In the early sixties, 64 or 65 as I remember, I took part in a series called 'Landmarks', produced by Charles Parker, music by Peggy Seeger, compiled and songs written by Alasdair Clayre. The opening theme was Ewan MacColl's 'Ballad of Accounting, sung by him. The series followed 'landmarks' in a man's life, Birth, school, work, etc, with actuality and appropriate songs. The series went to air in Jan 65, on the Midlands Home Service of the BBC. It was not networked nationally. They were damn good shows but so far as I know they were never repeated. I had no tape recorder at that time so am without a souvenir of my first ever broadcast. I can't tell you how proud I was as a novice singer, being asked to work with Peggy Seeger and Charles Parker. I learned a great deal about standards and professionalism as a consequence. There may be copies in the Parker archives, I don't know, perhaps they are available in that way. But why did the BBC bury them?

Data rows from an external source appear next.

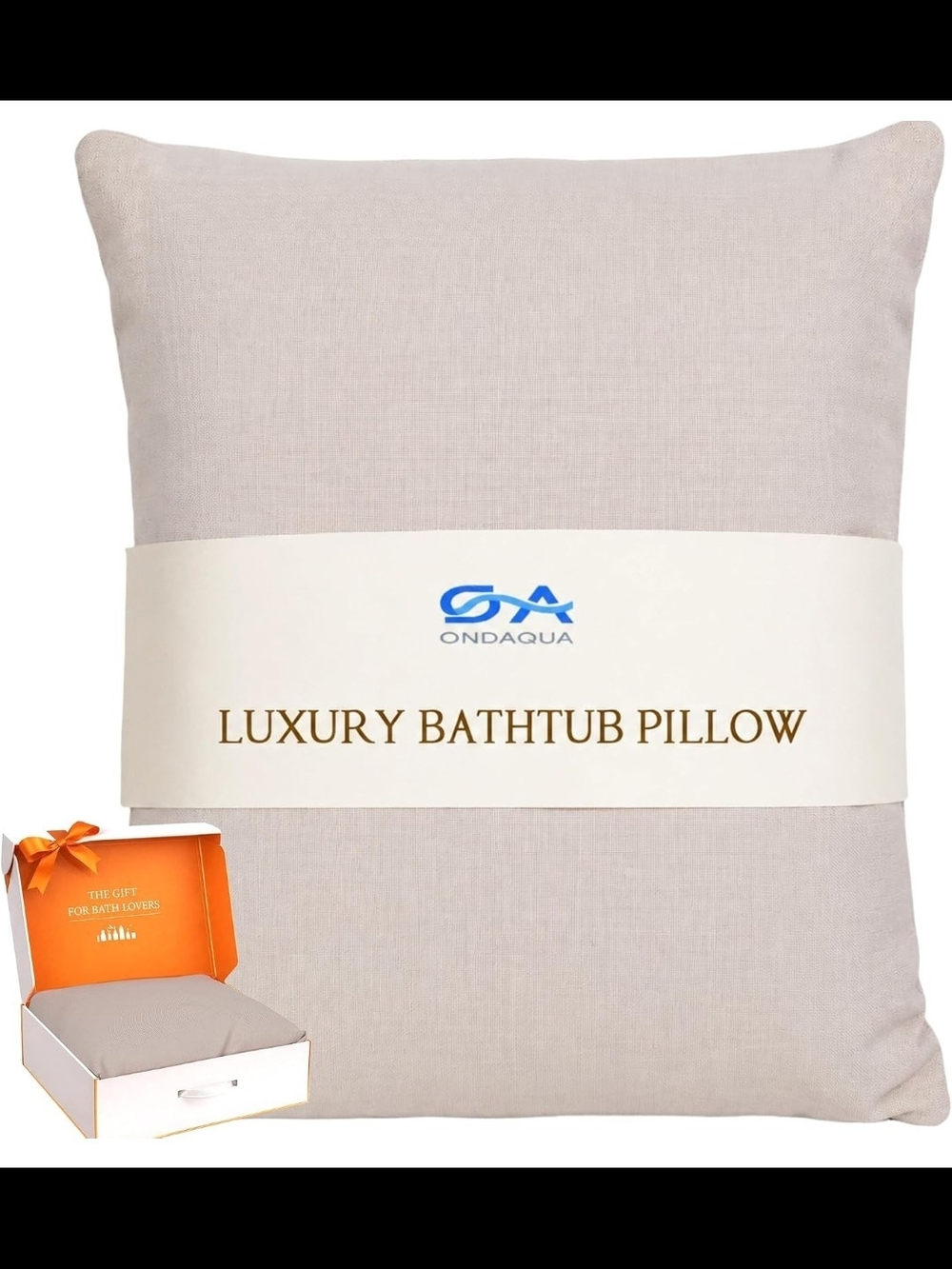 Luxury Bathtub Pillow Spa Bath Cushion Back Neck Head Support Washable 3D Mesh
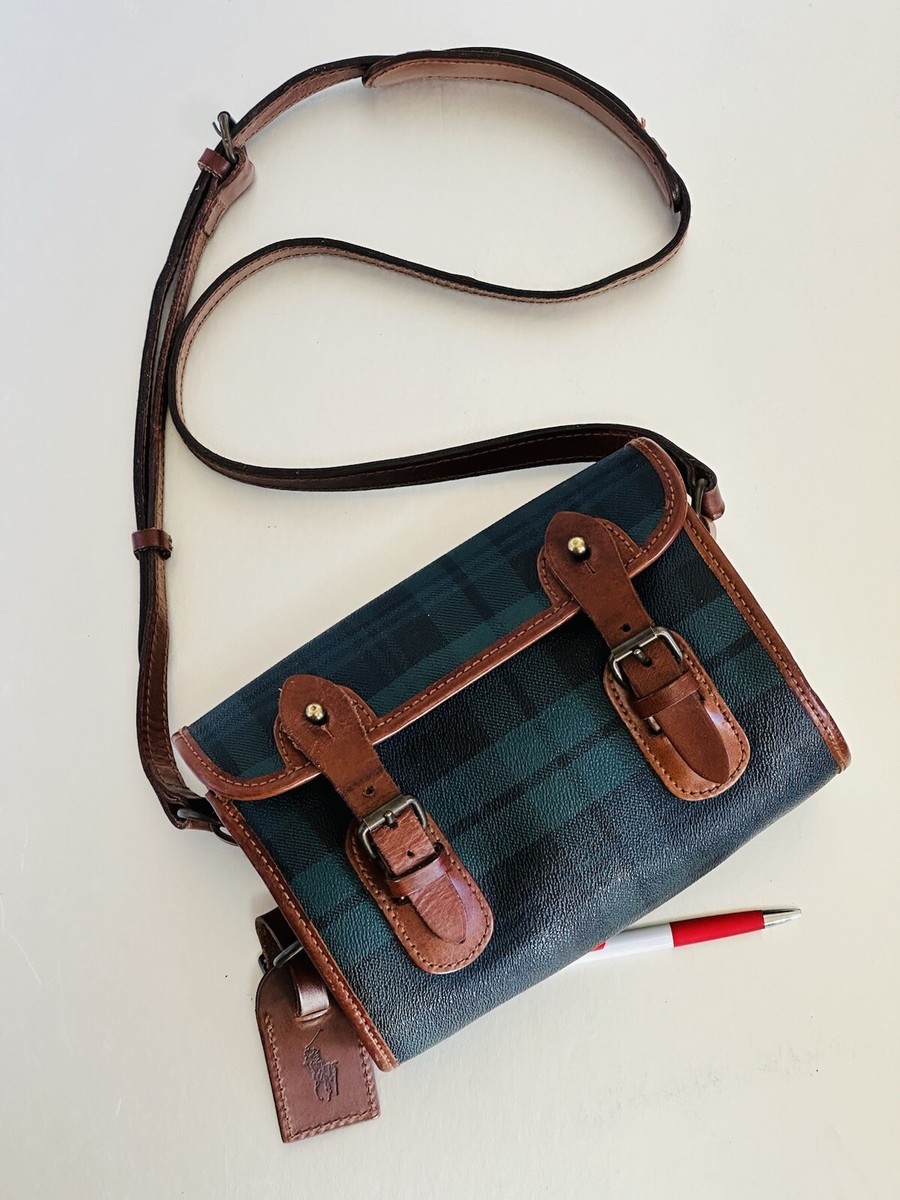 POLO RALPH LAUREN Vintage Blackwatch Plaid Mini Messenger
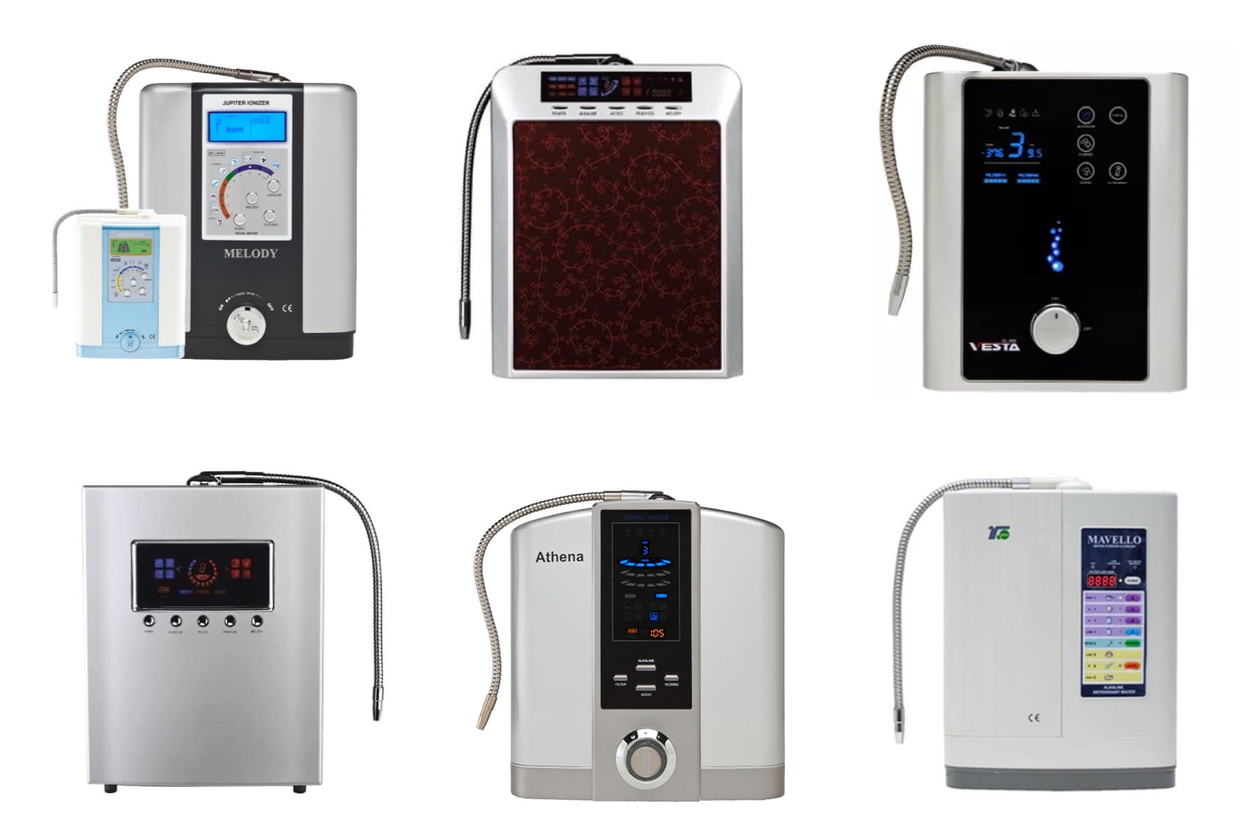 UltraWater filter group collage for other water ionizers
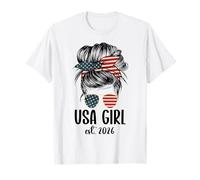 New American Woman Proud USA Girl 2026 Citizenship Camiseta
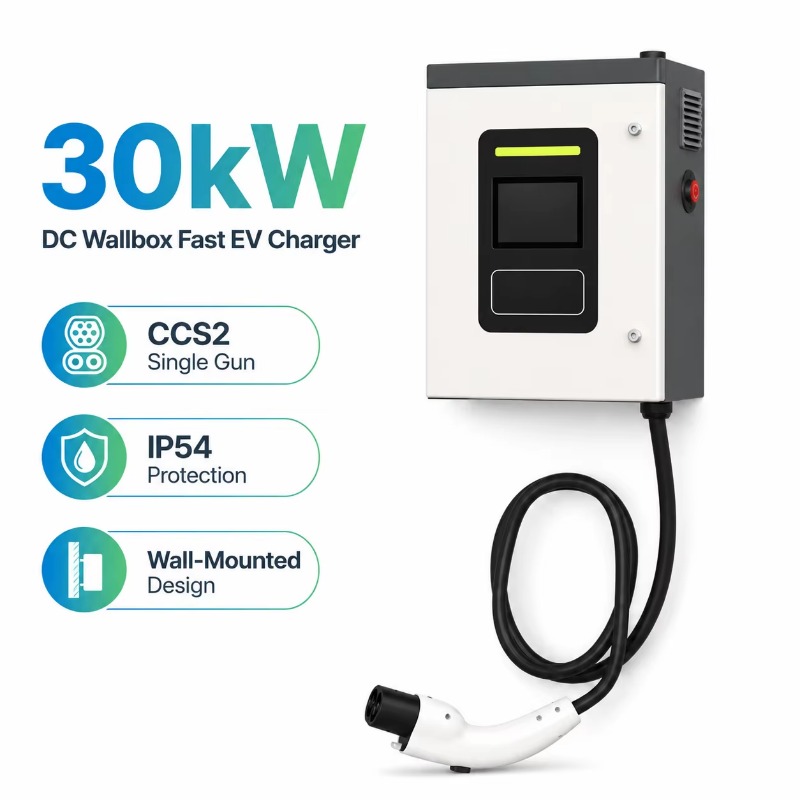 Aangepaste 30kW CCS2 DC snella - Dc Fast Charger 30Kw Wallbox Commercial recensie en prijs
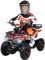 Actionbikes Motors Kinder Quad Elektro ATV Torino | 𝟑𝟔 Volt 𝟭𝟬𝟬𝟬 Watt Motor bis 𝟐𝟓 km/h - Kinderquad - Pocket Quad - Elektroquad - Miniquad - Für Kinder ab 6 Jahren (Schwarz Weiß Rot Polo)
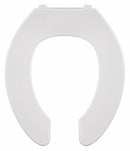 Centoco Round, Lift Toilet Seat Type, Open Front Type, Includes Cover No, White, Slow Close Hinge - GRPHL300-001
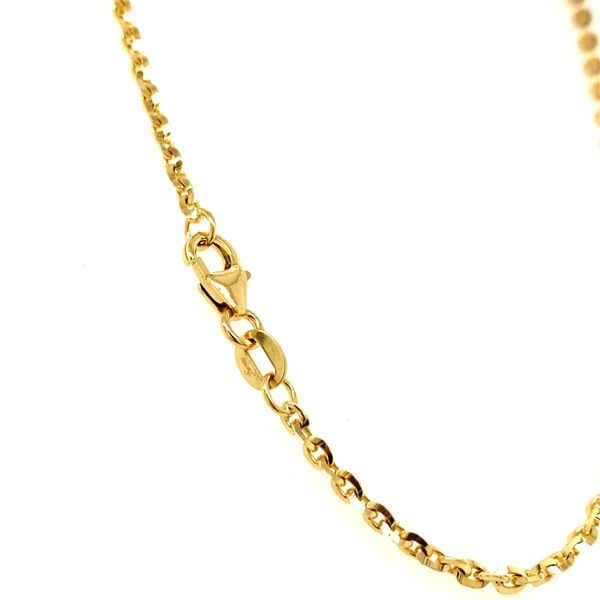 14k Yellow Gold 2mm Cable Link Chain Image 2 Arezzo Jewelers Elmwood Park, IL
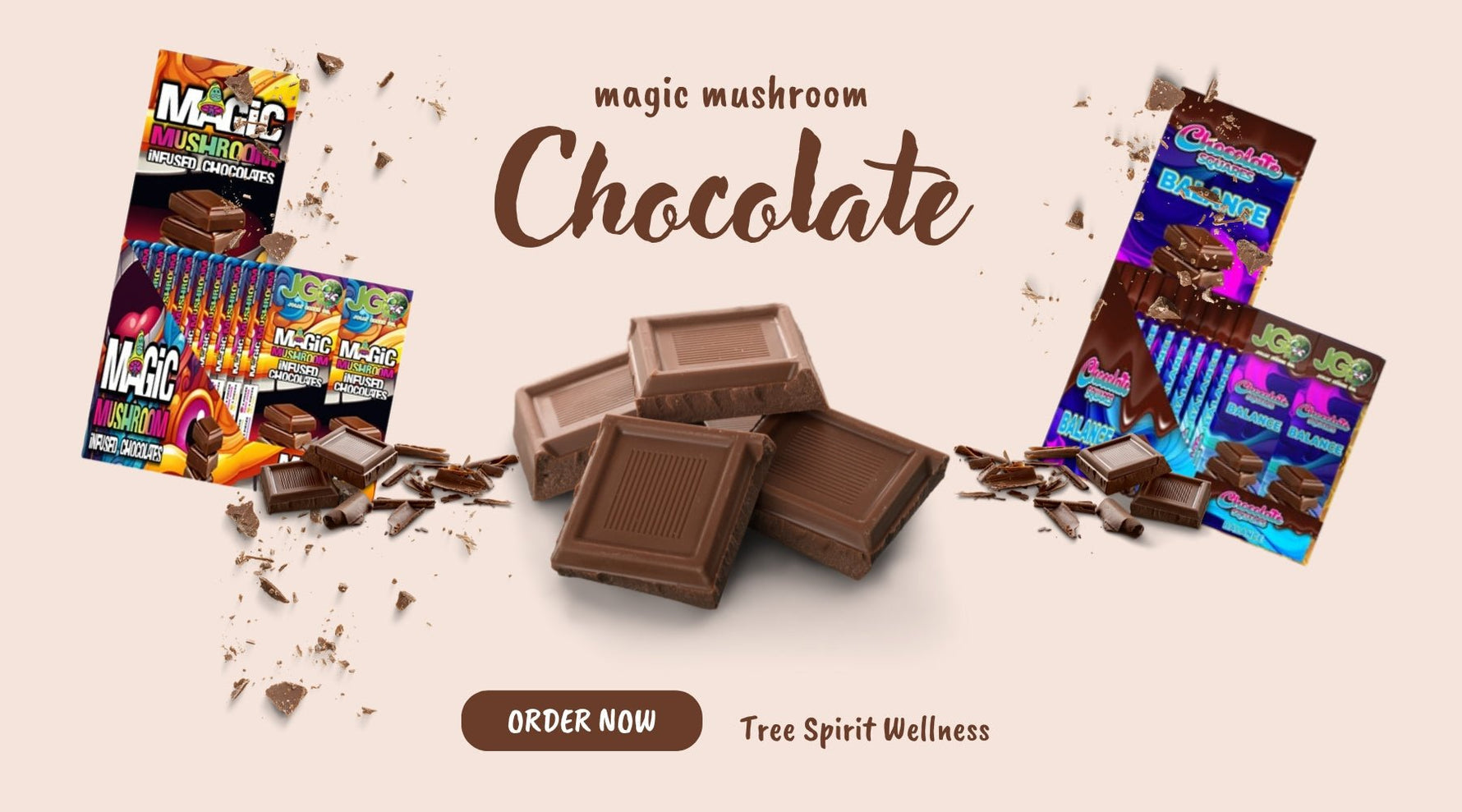 magic mushrooms chocolate: Cosmic Cacao Dreams - Tree Spirit Wellness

One more story on the Radio ballads theme.........during the 1970's I had been singing in the South East of England and was hitch-hiking my way to a couple of gigs in Suffolk. A driver picked me up, we started talking, and he told me of his interest in the fishing industry and the steam drifters. He said that he had once heard a radio show about it, "It was the best thing I've ever heard" he said, "They had songs in it..it was terrific". I sang him a verse or two of 'Shoals of Herring' and told him I knew the people who made the programme. He was so excited when I told him it had been recorded on Argo records that he went twenty miles out of his way to drop me where I was going. Yes Sir, those Radio ballads really had impact.